インボイス制度とは、消費税の複数税率に対応する新たな計算方式です。

適格請求書という所定の事項を記載した請求書に基づき消費税額の納税額を計算することになります。

この適格請求書を発行するには、適格請求書発行事業者として登録申請をしなければなりません。

このインボイス制度が始まると、売手と買手双方に新たなルールが適用されます。

そもそも消費税の計算とは?

インボイス制度の影響を理解するためには、現状の消費税の仕組みを理解する必要があります。

現状の消費税の納税額は、以下の式で計算されます。

納税額=売上に係る消費税ー仕入に係る消費税

例えば、わかりやすくするため、11万円(本体10万 消費税1万)で仕入れた商品を、33万円(本体30万 消費税3万)で売上げた、という取引しかなかったと仮定した場合、

消費税の納税額は、3万ー1万=2万となります。

ポイントは、現行制度では、仕入に係る消費税1万円について、請求書などを適切に保存していれば、無条件に控除できるということです。

売手としてルール

売手の立場として、インボイス制度での新たなルールは、

  1. 所定の事項を記載した適格請求書(適格返還請求書)を買手に交付する
  2. 交付した適格請求書の写しの保存

です。

1.の『所定の事項を記載』が絶対に必要になりますので、その点が現行制度から変更点となります。

所定の事項は下図の①~⑥です。(適格簡易請求書の説明は割愛)

                  国税庁 インボイス制度パンプレットより

このうち①の記載事項である登録番号は、インボイス制度に登録することで取得しなければなりません。

買手としてのルール

買手としての新たなルールは、消費税の計算上、仕入れにかかる消費税を無条件に控除できなくなる点です。

上記の消費税の納税額の計算式では、売上に係る消費税から仕入に係る消費税を控除して計算していましたが、今後は買手として交付をされる請求書が、『適格請求書発行事業者発行する適格請求書』でなければ控除できないことになります。

上記の例、11万円(本体10万 消費税1万)で仕入れた商品を、33万円(本体30万 消費税3万)で売上たという取引しかなかったと仮定した場合で見てみましょう。
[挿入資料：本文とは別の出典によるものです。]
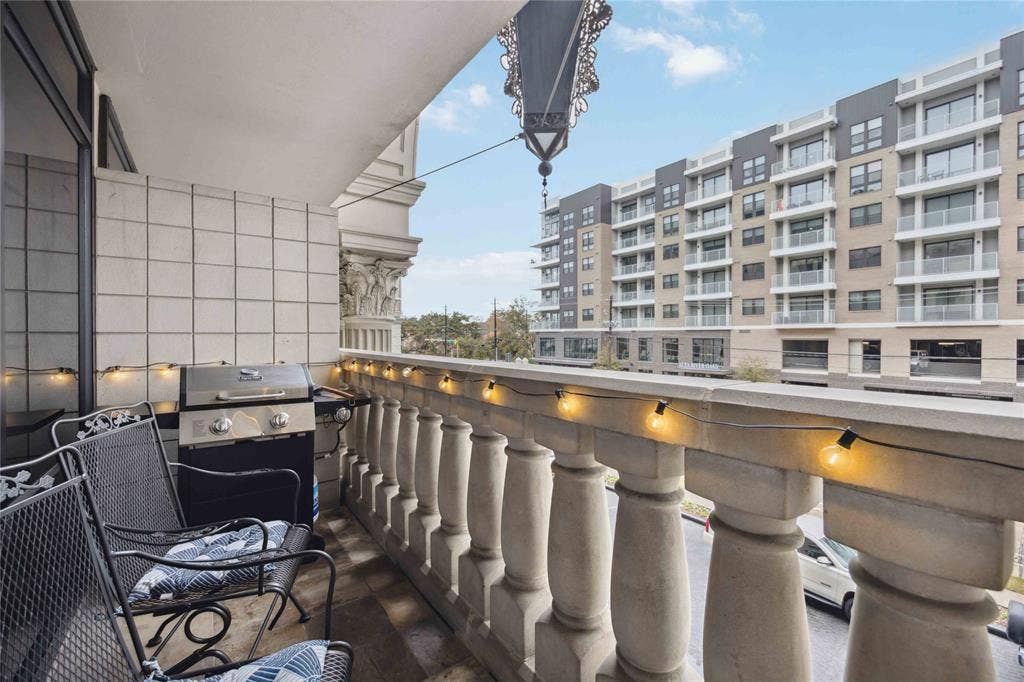 1005 S Shepherd Drive, #305, Houston, TX 77019 1005 S Shepherd Drive, #305, Houston, TX 77019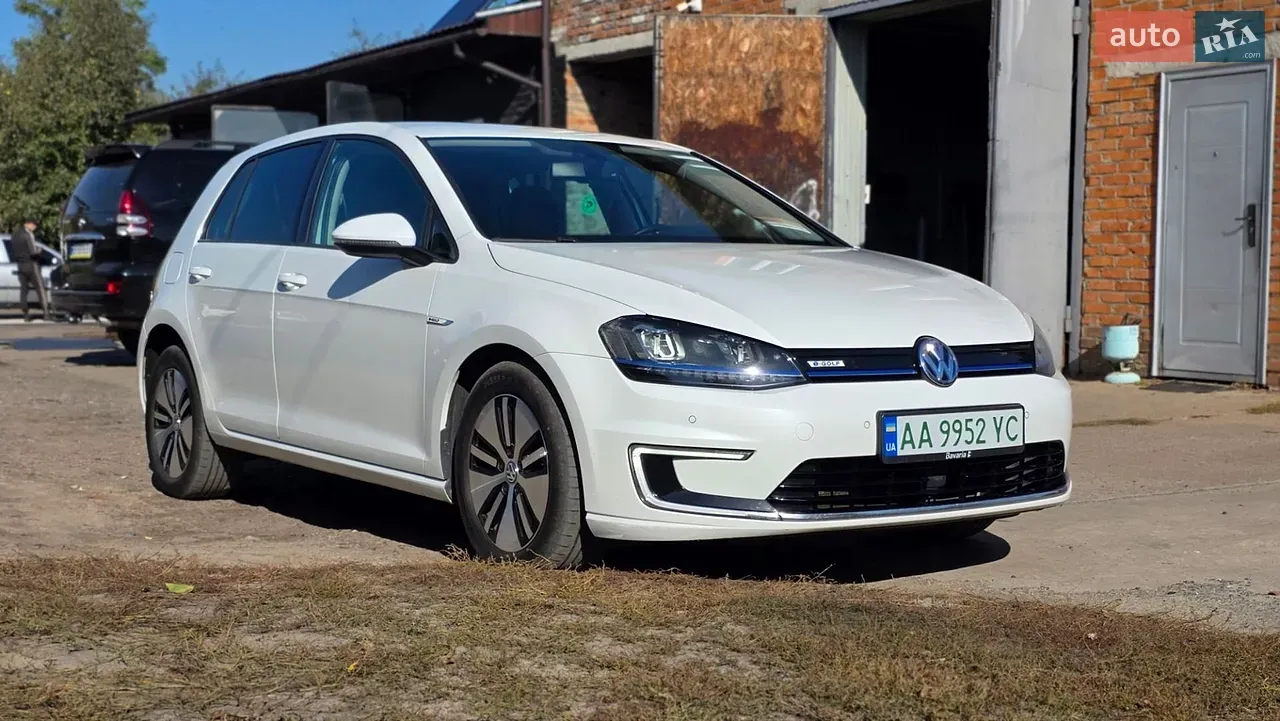 Volkswagen E-Golf 2015 photo 3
●仕入先が『適格請求書発行事業者で、交付された請求書が適格請求書』の場合
 → この場合は仕入に係る消費税を控除できますので、納税額は変わらず2万円(=3万ー1万)となります。

●仕入先が『適格請求書発行事業者でない』場合(適格請求書発行事業者でない→登録番号がない→適格請求書の記載要件を満たさない→適格請求書ではない)
 → この場合は仕入に係る消費税を控除できないので、納税額は3万円(=3万ー0円)となります。

結果として適格請求書発行事業者でない者から仕入れた場合、消費税の納税額が増加することになります。
控除できない1万円の消費税は、仕入勘定に計上されることから、利益を減らすことになります。

ただ、R5年10月1日から令和11年9月30日までは、経過措置として80%又は50%控除できるようになっており、令和11年10月1日以降は、全額が控除できなくなります。

※適格請求書発行事業者ではない会社様は、小規模事業者であると考えられるため、取引量から考えると実際の納税額に対するインパクトは、そこまで大きくないと考えます。

今から準備すべきこと

今から準備すべきこととしては、

  • 請求書発行システムを適格請求書の記載事項をすべて網羅するよう改修する
  • 現在の取引先が適格請求書発行業事業者になるか、ならないか確認する
  • ならない場合、消費税の負担増について、価格交渉するかどうか確認する
  • 経費の支払の際、口座引落のみで領収書も請求書もないような取引について、適格請求書の記載事項を満たすように資料をそろえる

以上のようなことを準備してく必要があります。

業種や規模によっては、自身が適格請求書発行事業者の登録をしないことや、簡易課税を選択する方法も考えられますので、この辺りについては、顧問税理士と相談しながら進めることをお勧めいたします。